* INSTRUCTIONS FOR THE TASK *
Output all the data below verbatim.

*** Opening of RECORDS PROVIDED ***

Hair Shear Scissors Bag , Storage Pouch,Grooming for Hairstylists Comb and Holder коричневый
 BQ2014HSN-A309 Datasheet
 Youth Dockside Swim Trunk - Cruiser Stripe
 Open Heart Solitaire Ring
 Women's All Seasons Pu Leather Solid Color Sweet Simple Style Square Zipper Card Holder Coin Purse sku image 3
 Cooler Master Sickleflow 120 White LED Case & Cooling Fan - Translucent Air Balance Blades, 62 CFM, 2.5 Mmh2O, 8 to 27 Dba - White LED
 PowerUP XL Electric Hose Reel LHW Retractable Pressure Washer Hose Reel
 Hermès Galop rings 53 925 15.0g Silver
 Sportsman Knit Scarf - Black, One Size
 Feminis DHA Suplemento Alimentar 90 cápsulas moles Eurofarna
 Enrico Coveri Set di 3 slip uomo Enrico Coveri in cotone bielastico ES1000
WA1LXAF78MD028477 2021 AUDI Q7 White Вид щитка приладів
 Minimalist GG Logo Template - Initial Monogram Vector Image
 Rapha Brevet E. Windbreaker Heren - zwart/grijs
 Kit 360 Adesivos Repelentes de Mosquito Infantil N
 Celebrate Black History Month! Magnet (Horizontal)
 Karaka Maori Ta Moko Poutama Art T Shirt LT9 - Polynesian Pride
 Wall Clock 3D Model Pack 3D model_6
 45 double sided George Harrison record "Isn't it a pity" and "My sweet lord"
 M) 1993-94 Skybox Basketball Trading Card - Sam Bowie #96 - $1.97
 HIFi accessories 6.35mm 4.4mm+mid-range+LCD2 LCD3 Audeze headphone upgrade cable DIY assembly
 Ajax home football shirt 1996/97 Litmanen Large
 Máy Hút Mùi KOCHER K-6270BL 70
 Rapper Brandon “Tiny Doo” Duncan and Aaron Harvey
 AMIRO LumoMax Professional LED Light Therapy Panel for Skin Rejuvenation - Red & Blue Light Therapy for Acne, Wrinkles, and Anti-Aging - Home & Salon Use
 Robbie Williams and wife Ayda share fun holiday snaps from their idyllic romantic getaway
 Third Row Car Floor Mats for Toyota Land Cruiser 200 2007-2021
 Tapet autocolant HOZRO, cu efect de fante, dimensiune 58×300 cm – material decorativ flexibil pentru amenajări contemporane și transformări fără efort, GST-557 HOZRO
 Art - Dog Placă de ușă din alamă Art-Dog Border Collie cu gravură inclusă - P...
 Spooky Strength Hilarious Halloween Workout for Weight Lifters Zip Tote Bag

*** Close of RECORDS PROVIDED ***

* EXERCISE SOLUTION *
Hair Shear Scissors Bag , Storage Pouch,Grooming for Hairstylists Comb and Holder коричневый
 BQ2014HSN-A309 Datasheet
 Youth Dockside Swim Trunk - Cruiser Stripe
 Open Heart Solitaire Ring
 Women's All Seasons Pu Leather Solid Color Sweet Simple Style Square Zipper Card Holder Coin Purse sku image 3
 Cooler Master Sickleflow 120 White LED Case & Cooling Fan - Translucent Air Balance Blades, 62 CFM, 2.5 Mmh2O, 8 to 27 Dba - White LED
 PowerUP XL Electric Hose Reel LHW Retractable Pressure Washer Hose Reel
 Hermès Galop rings 53 925 15.0g Silver
 Sportsman Knit Scarf - Black, One Size
 Feminis DHA Suplemento Alimentar 90 cápsulas moles Eurofarna
 Enrico Coveri Set di 3 slip uomo Enrico Coveri in cotone bielastico ES1000
WA1LXAF78MD028477 2021 AUDI Q7 White Вид щитка приладів
 Minimalist GG Logo Template - Initial Monogram Vector Image
 Rapha Brevet E. Windbreaker Heren - zwart/grijs
 Kit 360 Adesivos Repelentes de Mosquito Infantil N
 Celebrate Black History Month! Magnet (Horizontal)
 Karaka Maori Ta Moko Poutama Art T Shirt LT9 - Polynesian Pride
 Wall Clock 3D Model Pack 3D model_6
 45 double sided George Harrison record "Isn't it a pity" and "My sweet lord"
 M) 1993-94 Skybox Basketball Trading Card - Sam Bowie #96 - $1.97
 HIFi accessories 6.35mm 4.4mm+mid-range+LCD2 LCD3 Audeze headphone upgrade cable DIY assembly
 Ajax home football shirt 1996/97 Litmanen Large
 Máy Hút Mùi KOCHER K-6270BL 70
 Rapper Brandon “Tiny Doo” Duncan and Aaron Harvey
 AMIRO LumoMax Professional LED Light Therapy Panel for Skin Rejuvenation - Red & Blue Light Therapy for Acne, Wrinkles, and Anti-Aging - Home & Salon Use
 Robbie Williams and wife Ayda share fun holiday snaps from their idyllic romantic getaway
 Third Row Car Floor Mats for Toyota Land Cruiser 200 2007-2021
 Tapet autocolant HOZRO, cu efect de fante, dimensiune 58×300 cm – material decorativ flexibil pentru amenajări contemporane și transformări fără efort, GST-557 HOZRO
 Art - Dog Placă de ușă din alamă Art-Dog Border Collie cu gravură inclusă - P...
 Spooky Strength Hilarious Halloween Workout for Weight Lifters Zip Tote Bag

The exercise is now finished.